Starting the fernace wile under construction voids the furnace warenty


----------



## harvey randall (Nov 23, 2010)

*bubbles*

if its between voiding the warentee and my family eating, guess who wins ? and if anyone ever asked, i always said the same thing: obviously a crazy person-jeeze.


----------



## moore (Dec 2, 2010)

Drywall_King said:


> Starting the fernace wile under construction voids the furnace warenty


 But It's ok for the tape coat to freeze? 

Is this why you moved to Oz Drywall King? :jester:


----------



## moore (Dec 2, 2010)

warranty


----------



## Tim0282 (Jan 8, 2008)

They are flat out telling a lie about the drywall voiding the warranty on the furnace. That is insane! There are furnace filters that will not allow any dust to enter their precious furnace.


----------



## moore (Dec 2, 2010)

Cut the furnace off during hanging and sanding? :blink:


----------



## Tim0282 (Jan 8, 2008)

moore said:


> Cut the furnace off during hanging and sanding? :blink:


Yep!


----------



## 2buckcanuck (Jul 9, 2010)

actually what Drywall king says is true:blink:

we take our heat up here in the great white north seriously:yes:

Commercial sites it's worse. On shacks, half the time the gas line is not connected, but if it is.......
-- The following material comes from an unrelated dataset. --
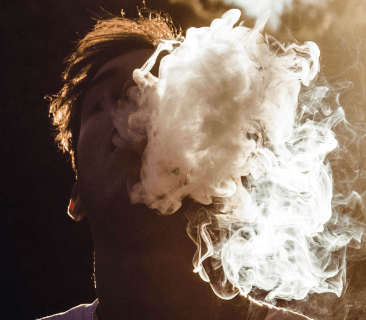 Glass Bong 101: The Ultimate Beginner's Guide To Bongs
It's about 50 - 50 if the builders will use the furnace. Some state the issue of the warranty, others say F them. Most use electric heaters, which must be installed by a qualified sparky. But as the price of hydro (electricity) in our wind turbine promoting province keeps going up, I can see all of them soon saying "F" the warranty.

We have lots of rules here in Commie Canada:blink:


----------